With all of the ideas for transit lines, if all were built, what would the city look like? I am not just talking the lines themselves, I mean the entire cityscape. What would Toronto look like with real transit?
Not too different from today I reckon. It can take decades for land uses to catch up with transit lines and much of the suburbs would have already been built as sprawl prior to those lines, if those lines were even built.

The trend to build downtown would still happen, development of the raillands and the waterfront would still be happening, STC and other regional sub-centres will still be failures.

Important to note too that it is not like that the large sum of Toronto is a transit desert. It might not be rapid transit, but all those suburban arterials contain very frequent, well-used bus routes with more than decent ridership levels. Transit already does exist, it is just bus rather than LRT or subway.
 
Not too different from today I reckon. It can take decades for land uses to catch up with transit lines and much of the suburbs would have already been built as sprawl prior to those lines, if those lines were even built.

The trend to build downtown would still happen, development of the raillands and the waterfront would still be happening, STC and other regional sub-centres will still be failures.

Important to note too that it is not like that the large sum of Toronto is a transit desert. It might not be rapid transit, but all those suburban arterials contain very frequent, well-used bus routes with more than decent ridership levels. Transit already does exist, it is just bus rather than LRT or subway.

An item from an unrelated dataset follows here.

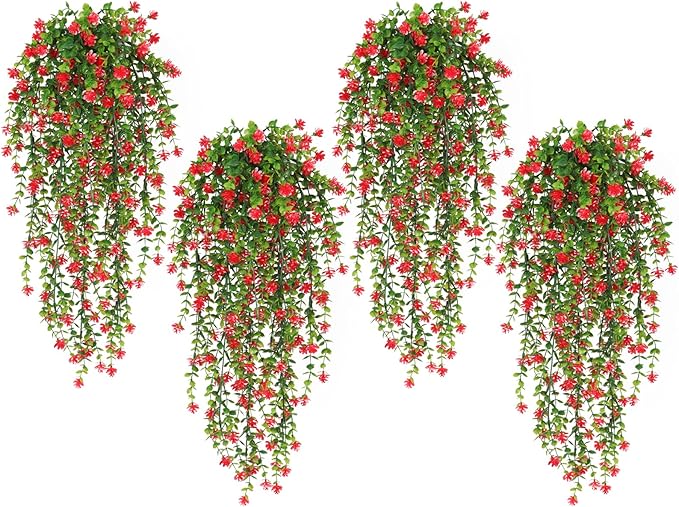 SJL Artificial Hanging Plant 4pcs Fake Hanging Plants Greenery Decor Plastic Flower Artificial Plants Indoor Fern Ivy Leaves Flowers Real Touch Stem for Wedding Party Outside Home (Red)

Hard to say. Parts of North Scarborough (Malvern), North York and North Etobicoke would have had better development as many areas have just become home to decay and low class developments that shouldn't be approved until we do bring transit as many developers have given up on since this plan was not seen thu. Until we do bring transit no low quality density hould be built. It would have accelerated the process of change. The complete loop around Finch would have prevented the SCC subway and Sheppard stubway to LRT debacle. As far as business goes the City needs to take a page from the 905 and offer incentives and competitive tax breaks for its suburban Centres. Otherwise business will go tot he 905 when looking for save investment away from downtown.

If the City was firmly committed to funding and building that old plan we would have prevented the more recent game changing lines which have heavily changed the perception and impacted of how people feel we need to integrate Scarborough. The RT, the Sheppard Stubway, the Subway to Vaughan are all game changers from this original plan. That is why the Sheppard subway and SSE are here to stay for the long haul in addition to a revised light rail plan for Scarborough. Its been an unofficial reality for some time and heavily supported by residents within even before it had been opportunistically brought political forefront nearly a decade ago.